Work item: From the listing below, reproduce exactly the lines starting with the one with "Alt Text: Retro" and going on through the one with "Rudraksha and citrine", both ends kept. No picture is copied.
******************************
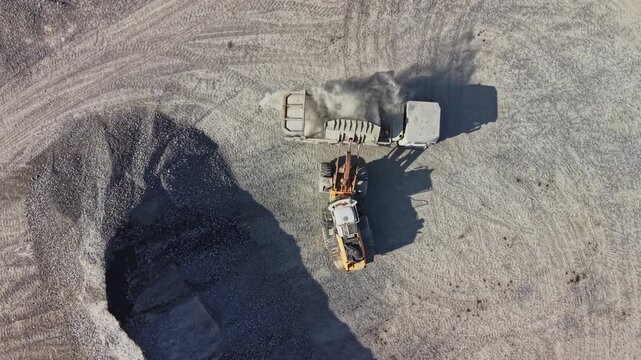 At a gravel site, a loader works beside a dump truck, moving material into its bed during daytime as seen from above.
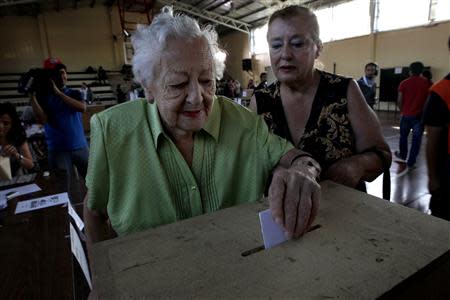 A woman casts her vote at a polling station during the presidential election in Santiago, December 15, 2013. REUTERS/Ivan Alvarado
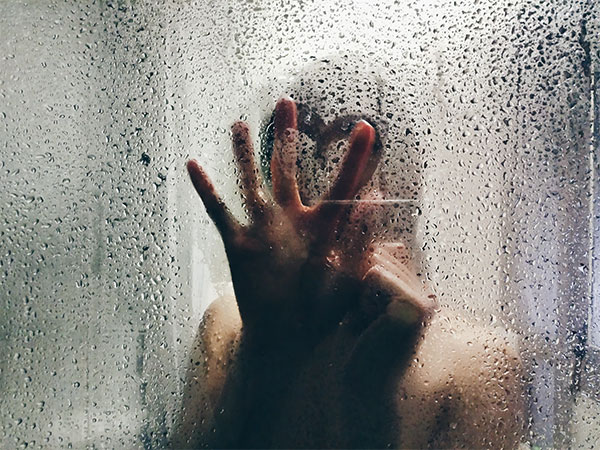 Hand on shower screen behind droplets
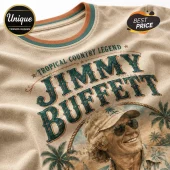 Beige cotton t-shirt featuring Jimmy Buffett portrait, palm trees, and Tropical Country Legend text in teal and orange.!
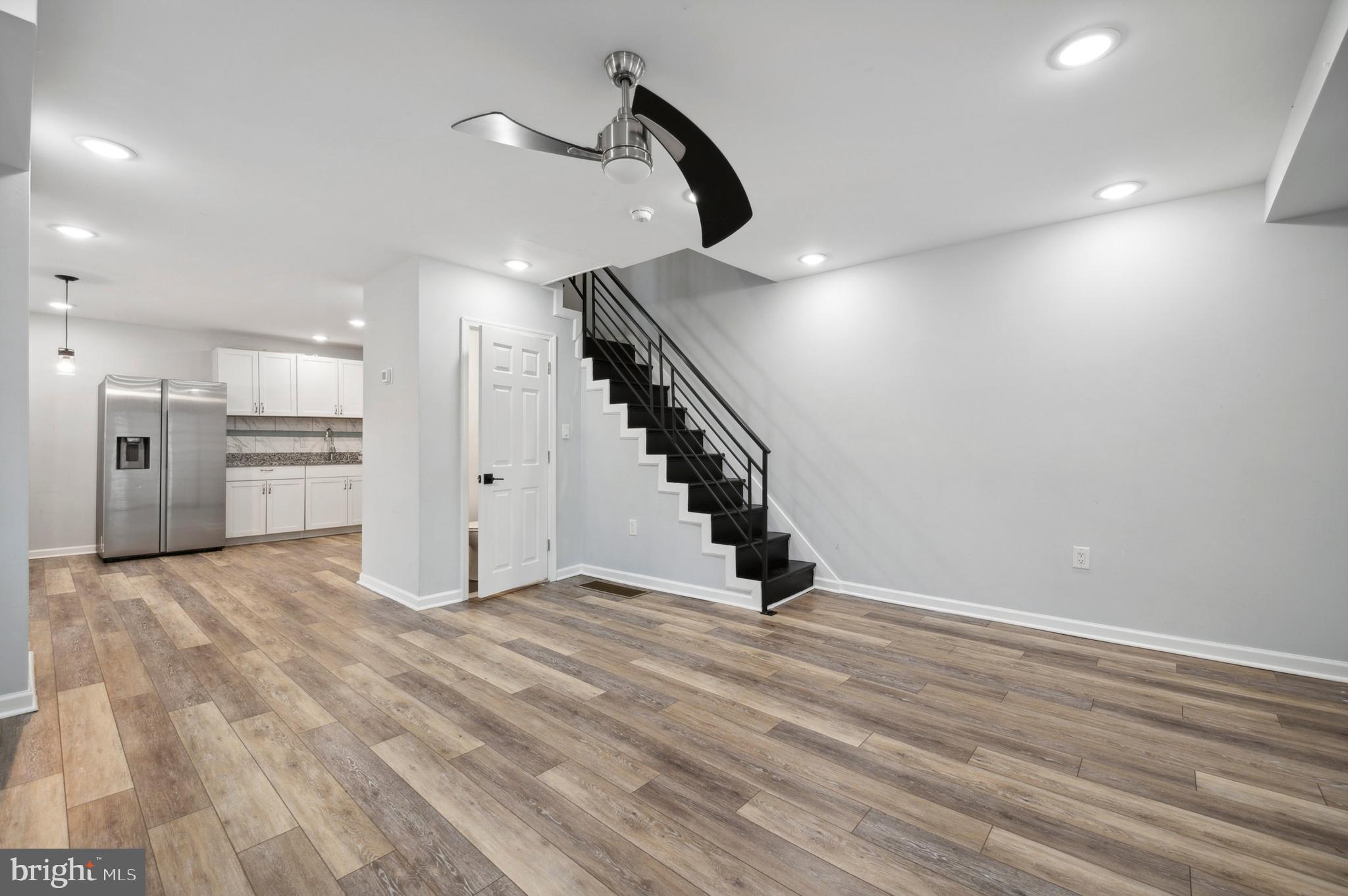 4520 Fernhill Road Philadelphia, PA 19144 - Photo 3 of 30 a view of an empty room with wooden floor entryway and kitchen view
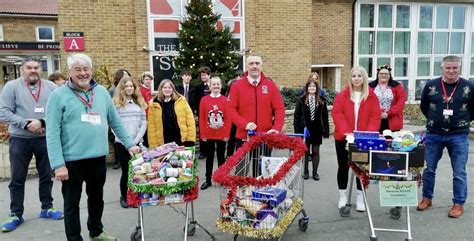 Students Present Foodbank With Donations From Their Christmas Reverse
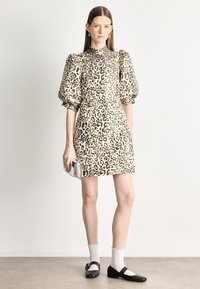Sukienka w panterkę z krótkimi bufkami, kołnierzem, zaszewką w talii i dopasowanym krojem; zestawiona z czarnymi butami Mary Jane i białymi skarpetkami.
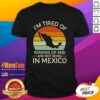 Alt Text: Retro 'I'M Tired Of Waking Up And Not Being In Mexico' sunset t-shirt design featuring vibrant colors and a beach vibe.
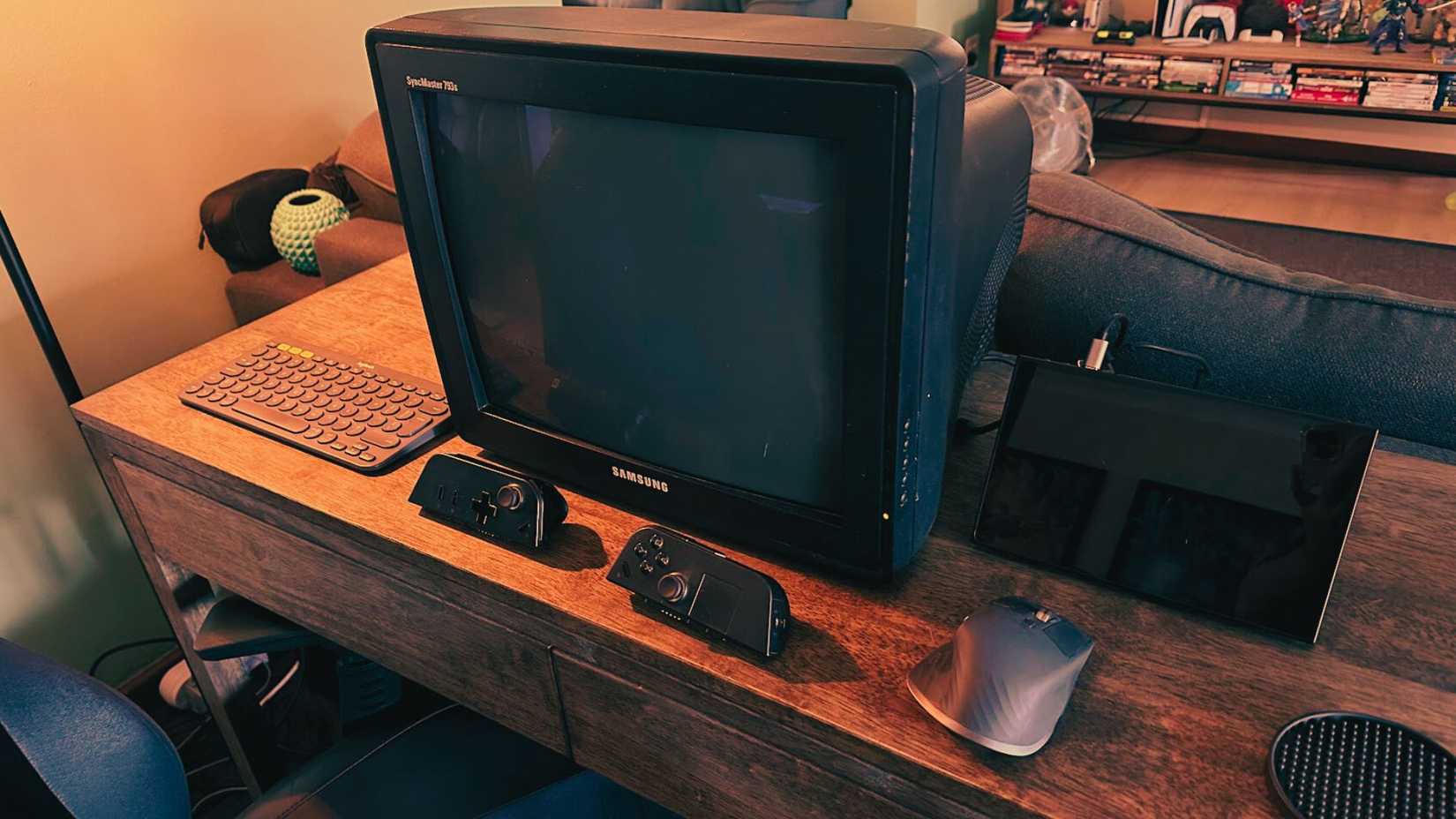 A CRT computer monitor hooked up to a handheld PC with a mouse and keyboard on a desk and some controllers.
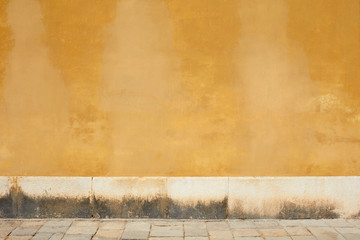 Sticker - Yellow old faded wall and empty sidewalk with stone detail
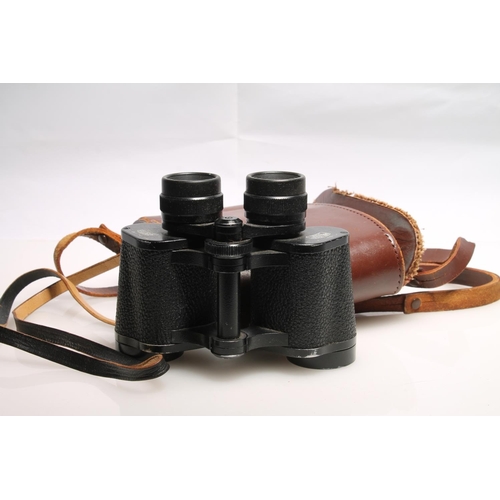 243 - Pair of Carl Zeiss Jenoptem 8x30 binoculars, in brown leather case.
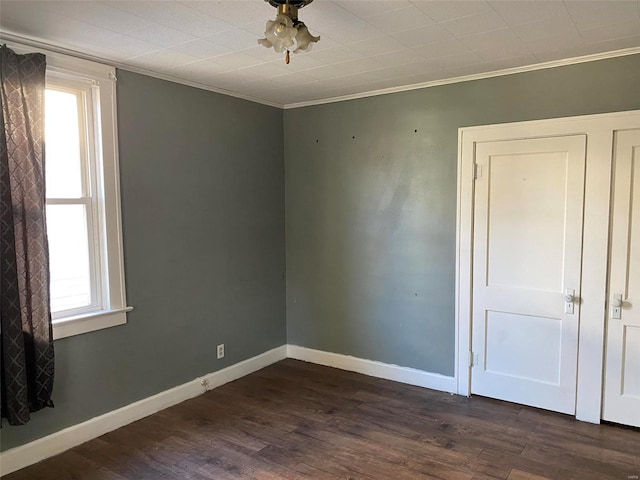 empty room with crown molding and dark hardwood / wood-style floors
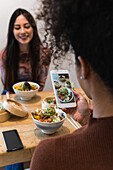 From From above of unrecognizable woman taking photo of poke dish on smartphone while spending weekend in restaurant with female friend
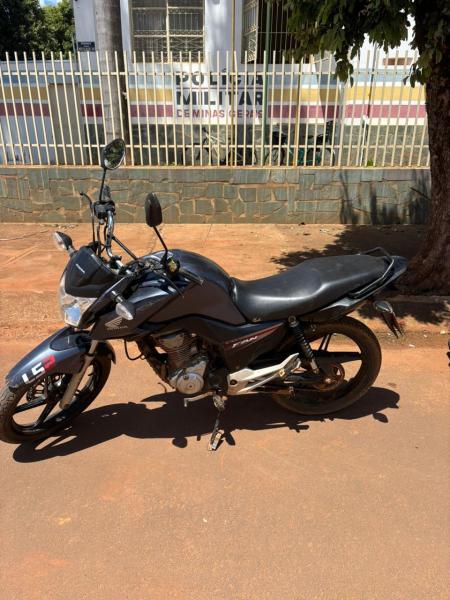 Uma motocicleta preta estacionada na calçada, com um fundo que mostra um prédio da polícia.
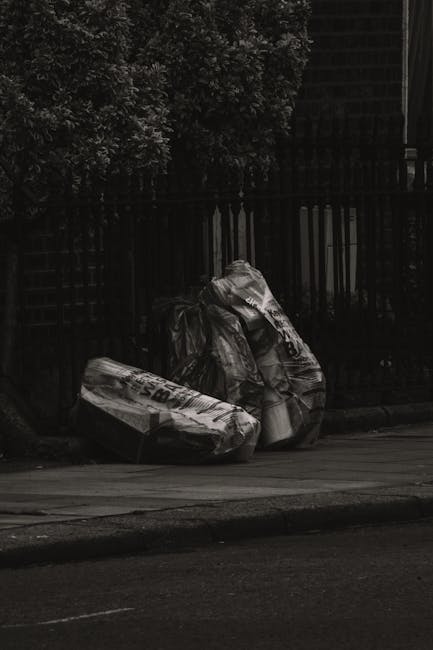 An outdoor scene showing a large pile of black, white, and red rubbish bags, some partially torn open, filled with various discarded packaging, paper, and household waste, situated next to recycling c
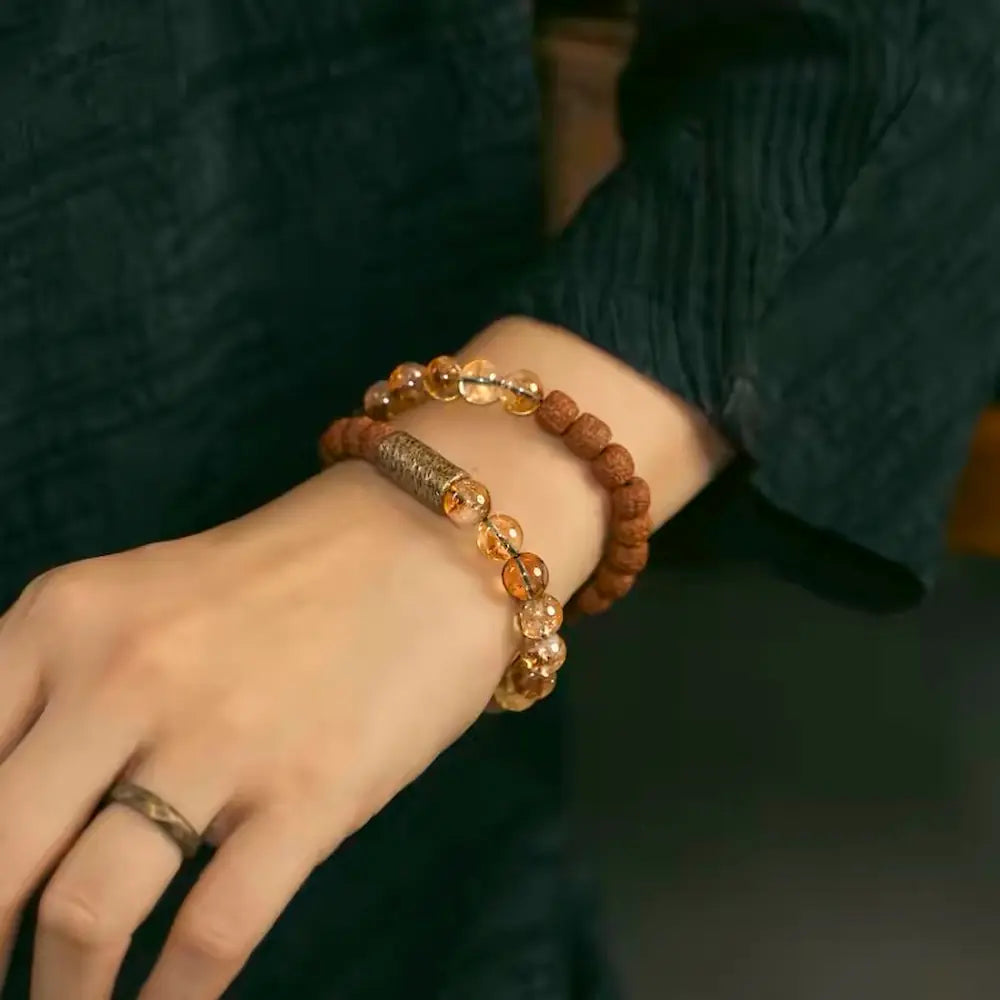 Rudraksha and citrine meditation bracelet worn with natural linen outfit — Orienlu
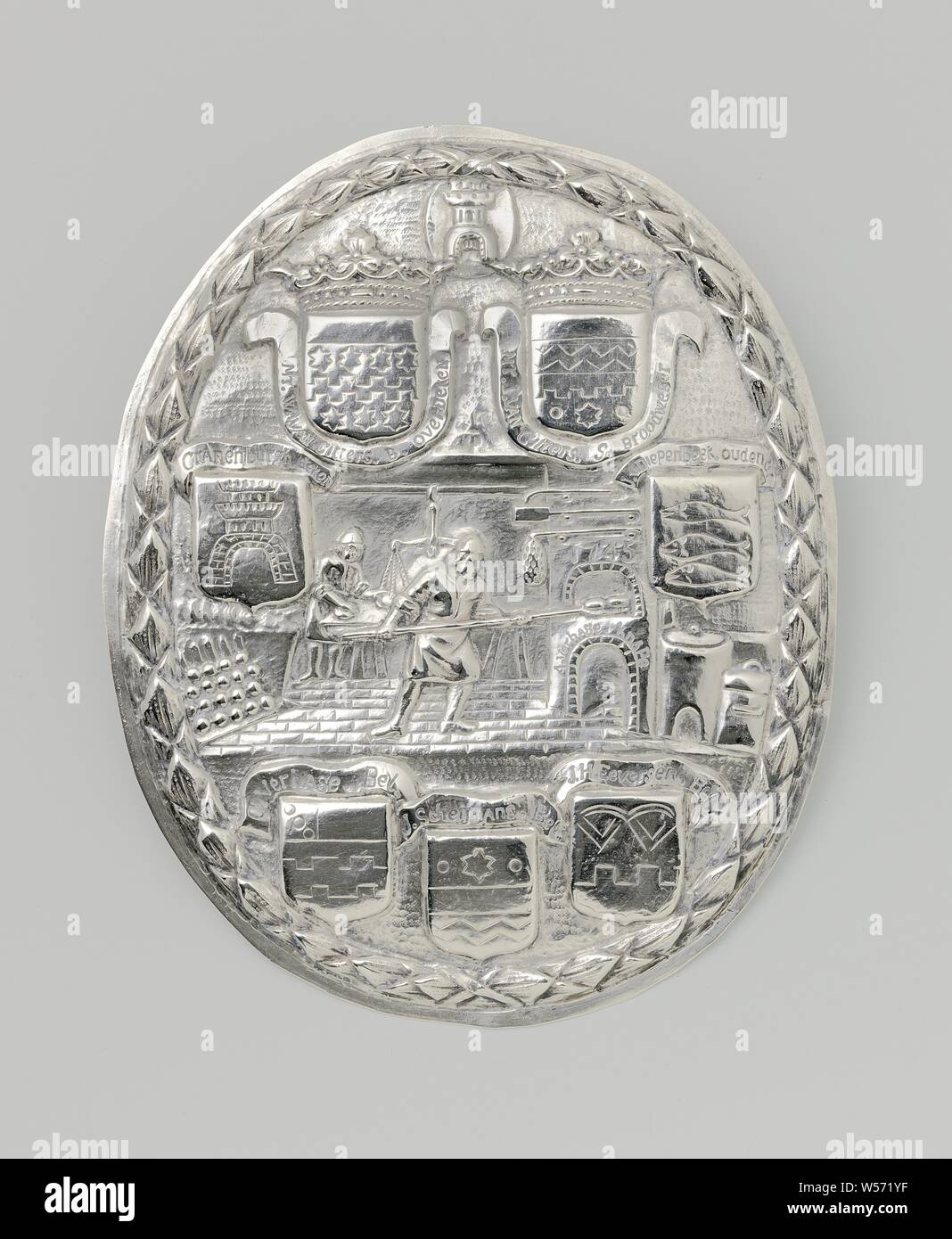 Oval silver shield of the baker's guild in Middelburg, Shield of the baker's guild in Middelburg. Oval, with a passionate depiction: in the middle a baker at his oven, behind him a boy with scales. Seven coats of arms with bindings with names. Two crowned weapons (Van Citters) and weapons from Cranenburch and Van Diepenbeek and three shields with the names Verhage, Scheymans and Eversen. On the oven, including 1745. On top of the shield the coat of arms of Middelburg. The whole is surrounded by a leaf wreath. Not marked, Middelburg, anonymous, 1745, silver (metal), h 17.4 cm × w 14.1 cm Stock Photo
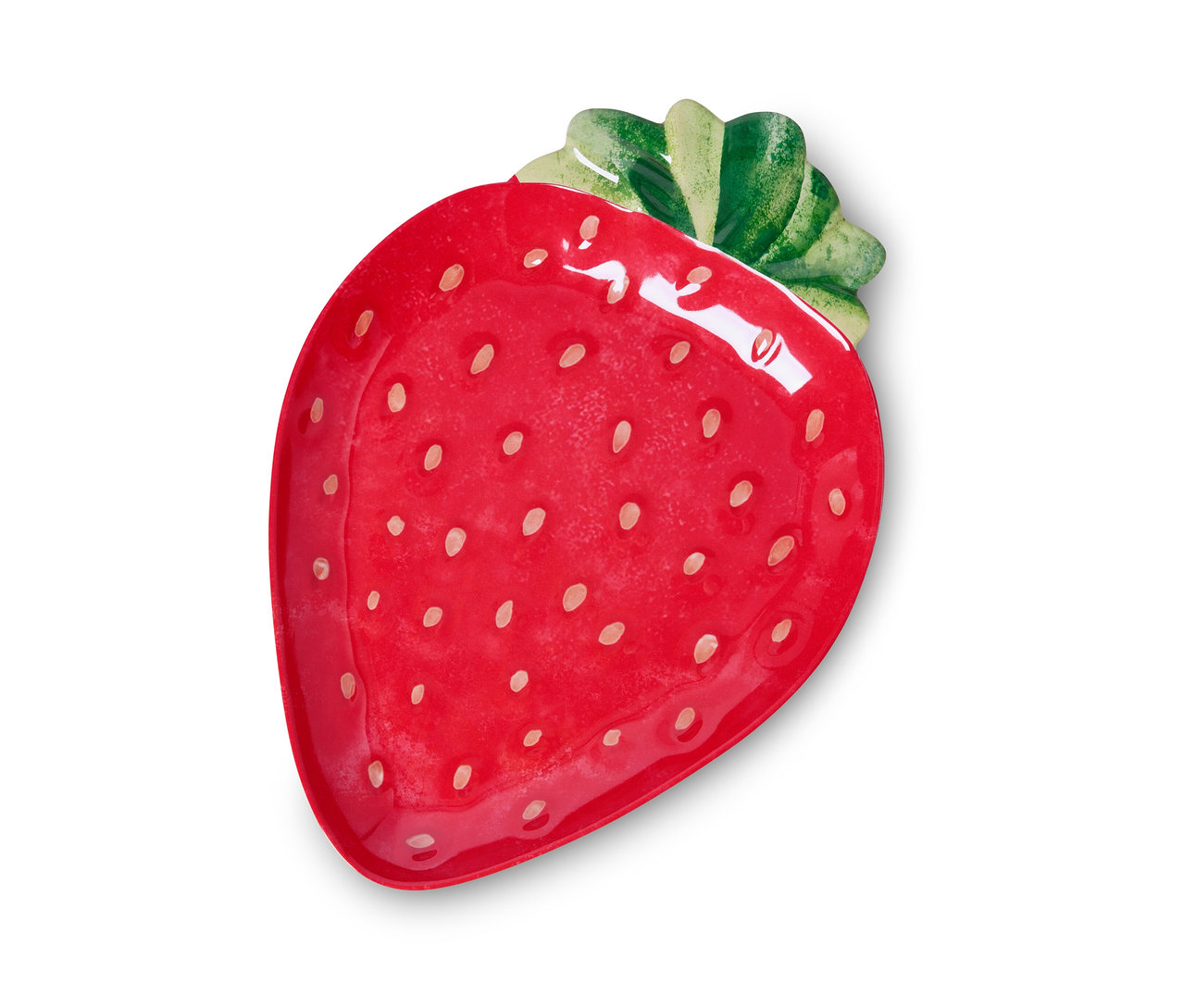 Červený servírovací tanier v tvare jahody s bielymi bodkami.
******************************
Answer to this exercise:
 Alt Text: Retro 'I'M Tired Of Waking Up And Not Being In Mexico' sunset t-shirt design featuring vibrant colors and a beach vibe.
 A CRT computer monitor hooked up to a handheld PC with a mouse and keyboard on a desk and some controllers.
 Sticker - Yellow old faded wall and empty sidewalk with stone detail
 243 - Pair of Carl Zeiss Jenoptem 8x30 binoculars, in brown leather case.
 empty room with crown molding and dark hardwood / wood-style floors
 From From above of unrecognizable woman taking photo of poke dish on smartphone while spending weekend in restaurant with female friend
 Uma motocicleta preta estacionada na calçada, com um fundo que mostra um prédio da polícia.
 An outdoor scene showing a large pile of black, white, and red rubbish bags, some partially torn open, filled with various discarded packaging, paper, and household waste, situated next to recycling c
 Rudraksha and citrine meditation bracelet worn with natural linen outfit — Orienlu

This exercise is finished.